- Activity: Give back exactly the lines from the line that contains "Graypants Roest H15" to the last line of the listing below, inclusive, and no others.

·····

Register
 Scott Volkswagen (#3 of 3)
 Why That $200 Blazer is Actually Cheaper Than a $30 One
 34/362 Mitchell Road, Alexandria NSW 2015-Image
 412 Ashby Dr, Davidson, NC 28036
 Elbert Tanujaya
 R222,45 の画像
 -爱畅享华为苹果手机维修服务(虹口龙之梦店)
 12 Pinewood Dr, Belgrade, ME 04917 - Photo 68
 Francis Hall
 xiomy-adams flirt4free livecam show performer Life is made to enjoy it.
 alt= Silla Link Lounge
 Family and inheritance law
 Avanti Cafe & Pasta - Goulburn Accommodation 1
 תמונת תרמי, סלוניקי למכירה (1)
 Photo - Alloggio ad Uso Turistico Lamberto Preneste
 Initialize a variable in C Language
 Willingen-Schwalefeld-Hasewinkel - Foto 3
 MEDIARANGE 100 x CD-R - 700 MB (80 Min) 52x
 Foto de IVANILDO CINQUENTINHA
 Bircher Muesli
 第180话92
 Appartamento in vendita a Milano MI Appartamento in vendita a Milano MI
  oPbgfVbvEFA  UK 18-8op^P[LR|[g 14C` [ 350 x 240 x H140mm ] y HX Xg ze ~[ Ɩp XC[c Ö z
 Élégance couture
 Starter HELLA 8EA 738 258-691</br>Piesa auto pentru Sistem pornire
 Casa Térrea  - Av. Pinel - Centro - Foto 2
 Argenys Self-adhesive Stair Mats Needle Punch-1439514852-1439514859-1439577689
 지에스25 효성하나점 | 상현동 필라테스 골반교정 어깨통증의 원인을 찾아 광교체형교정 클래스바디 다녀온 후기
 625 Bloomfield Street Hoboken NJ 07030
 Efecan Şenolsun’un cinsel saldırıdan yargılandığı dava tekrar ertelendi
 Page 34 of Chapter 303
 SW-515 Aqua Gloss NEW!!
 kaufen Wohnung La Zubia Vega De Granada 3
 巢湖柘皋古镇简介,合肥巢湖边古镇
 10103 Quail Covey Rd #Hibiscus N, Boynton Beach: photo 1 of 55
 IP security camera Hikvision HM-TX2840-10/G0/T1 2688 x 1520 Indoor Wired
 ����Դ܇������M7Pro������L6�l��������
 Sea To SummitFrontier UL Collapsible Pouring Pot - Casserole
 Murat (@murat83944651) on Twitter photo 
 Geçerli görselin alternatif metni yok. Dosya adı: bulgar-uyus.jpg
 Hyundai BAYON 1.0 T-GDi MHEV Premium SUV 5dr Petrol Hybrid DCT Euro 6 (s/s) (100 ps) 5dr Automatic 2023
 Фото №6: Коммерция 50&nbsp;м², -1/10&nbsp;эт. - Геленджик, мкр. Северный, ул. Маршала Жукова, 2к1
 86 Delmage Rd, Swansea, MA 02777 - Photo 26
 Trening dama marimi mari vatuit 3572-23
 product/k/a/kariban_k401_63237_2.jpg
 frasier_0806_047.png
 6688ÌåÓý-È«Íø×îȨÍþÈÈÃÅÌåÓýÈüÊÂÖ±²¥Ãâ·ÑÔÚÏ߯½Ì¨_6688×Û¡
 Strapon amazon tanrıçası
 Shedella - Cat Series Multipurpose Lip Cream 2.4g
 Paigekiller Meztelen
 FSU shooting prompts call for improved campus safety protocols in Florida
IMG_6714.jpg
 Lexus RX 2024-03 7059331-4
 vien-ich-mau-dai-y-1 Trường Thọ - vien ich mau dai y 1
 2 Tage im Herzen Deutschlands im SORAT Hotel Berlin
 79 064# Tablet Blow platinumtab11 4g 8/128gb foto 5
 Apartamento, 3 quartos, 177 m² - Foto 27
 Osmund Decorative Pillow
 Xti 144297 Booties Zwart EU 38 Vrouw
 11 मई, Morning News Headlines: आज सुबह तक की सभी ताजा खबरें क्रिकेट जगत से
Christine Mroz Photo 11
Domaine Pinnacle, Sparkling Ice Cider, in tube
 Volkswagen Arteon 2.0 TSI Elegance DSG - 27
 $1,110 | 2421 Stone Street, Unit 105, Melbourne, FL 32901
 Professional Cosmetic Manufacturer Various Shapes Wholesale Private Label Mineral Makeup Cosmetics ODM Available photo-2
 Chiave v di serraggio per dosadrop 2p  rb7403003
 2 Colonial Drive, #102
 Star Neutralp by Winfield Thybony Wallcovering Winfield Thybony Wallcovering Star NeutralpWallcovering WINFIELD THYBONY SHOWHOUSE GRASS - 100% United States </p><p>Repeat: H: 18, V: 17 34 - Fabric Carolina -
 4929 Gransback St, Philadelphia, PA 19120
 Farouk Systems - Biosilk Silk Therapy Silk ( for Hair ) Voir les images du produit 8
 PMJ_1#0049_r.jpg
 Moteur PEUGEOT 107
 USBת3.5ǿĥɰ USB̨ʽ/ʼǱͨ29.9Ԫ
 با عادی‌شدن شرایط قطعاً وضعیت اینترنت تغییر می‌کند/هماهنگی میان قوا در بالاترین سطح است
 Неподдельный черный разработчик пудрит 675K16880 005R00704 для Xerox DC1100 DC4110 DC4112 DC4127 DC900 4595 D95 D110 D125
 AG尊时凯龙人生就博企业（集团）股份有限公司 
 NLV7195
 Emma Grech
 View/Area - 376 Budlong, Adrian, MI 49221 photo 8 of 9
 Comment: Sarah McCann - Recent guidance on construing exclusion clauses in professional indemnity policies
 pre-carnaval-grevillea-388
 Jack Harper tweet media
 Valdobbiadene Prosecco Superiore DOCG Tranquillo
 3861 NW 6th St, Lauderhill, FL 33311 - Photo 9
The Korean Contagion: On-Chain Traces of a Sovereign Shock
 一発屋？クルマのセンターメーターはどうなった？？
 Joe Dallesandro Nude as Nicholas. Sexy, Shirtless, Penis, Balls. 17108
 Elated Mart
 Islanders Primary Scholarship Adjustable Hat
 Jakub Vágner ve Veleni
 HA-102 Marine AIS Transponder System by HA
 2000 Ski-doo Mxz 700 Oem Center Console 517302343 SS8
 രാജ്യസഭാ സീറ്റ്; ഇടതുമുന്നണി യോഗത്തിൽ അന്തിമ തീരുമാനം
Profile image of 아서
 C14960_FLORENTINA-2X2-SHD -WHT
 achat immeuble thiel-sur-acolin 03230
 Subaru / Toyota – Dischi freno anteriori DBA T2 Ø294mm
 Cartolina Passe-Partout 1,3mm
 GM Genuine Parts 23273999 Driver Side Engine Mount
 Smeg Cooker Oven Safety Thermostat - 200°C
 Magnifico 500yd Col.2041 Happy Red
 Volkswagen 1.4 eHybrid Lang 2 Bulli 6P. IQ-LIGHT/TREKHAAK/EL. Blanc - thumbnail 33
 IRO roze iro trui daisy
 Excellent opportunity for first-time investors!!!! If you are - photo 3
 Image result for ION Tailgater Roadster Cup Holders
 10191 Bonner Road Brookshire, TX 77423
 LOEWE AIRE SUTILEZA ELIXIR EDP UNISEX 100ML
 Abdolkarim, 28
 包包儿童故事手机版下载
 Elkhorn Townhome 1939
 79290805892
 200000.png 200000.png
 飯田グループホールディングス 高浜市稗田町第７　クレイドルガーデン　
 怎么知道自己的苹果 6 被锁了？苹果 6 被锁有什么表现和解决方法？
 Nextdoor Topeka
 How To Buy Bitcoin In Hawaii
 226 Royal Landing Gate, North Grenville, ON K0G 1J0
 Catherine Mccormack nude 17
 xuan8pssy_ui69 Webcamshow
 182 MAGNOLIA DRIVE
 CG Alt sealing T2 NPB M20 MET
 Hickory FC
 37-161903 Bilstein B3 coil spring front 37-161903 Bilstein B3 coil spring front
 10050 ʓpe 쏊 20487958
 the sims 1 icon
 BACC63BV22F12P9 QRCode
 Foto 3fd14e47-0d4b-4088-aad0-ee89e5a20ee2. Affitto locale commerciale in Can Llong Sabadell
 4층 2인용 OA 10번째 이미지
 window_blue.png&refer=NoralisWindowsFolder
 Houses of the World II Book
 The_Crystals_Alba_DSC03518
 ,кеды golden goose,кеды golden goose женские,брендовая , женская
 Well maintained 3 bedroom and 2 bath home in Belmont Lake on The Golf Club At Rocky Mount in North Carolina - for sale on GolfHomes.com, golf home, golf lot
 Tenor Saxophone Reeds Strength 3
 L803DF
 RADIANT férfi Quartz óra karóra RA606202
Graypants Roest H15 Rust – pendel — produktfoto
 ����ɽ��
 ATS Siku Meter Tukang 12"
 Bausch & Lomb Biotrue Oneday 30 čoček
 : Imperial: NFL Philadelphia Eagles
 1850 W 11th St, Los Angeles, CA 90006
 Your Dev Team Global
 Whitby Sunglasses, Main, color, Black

·····

- Response to the exercise:
Graypants Roest H15 Rust – pendel — produktfoto
 ����ɽ��
 ATS Siku Meter Tukang 12"
 Bausch & Lomb Biotrue Oneday 30 čoček
 : Imperial: NFL Philadelphia Eagles
 1850 W 11th St, Los Angeles, CA 90006
 Your Dev Team Global
 Whitby Sunglasses, Main, color, Black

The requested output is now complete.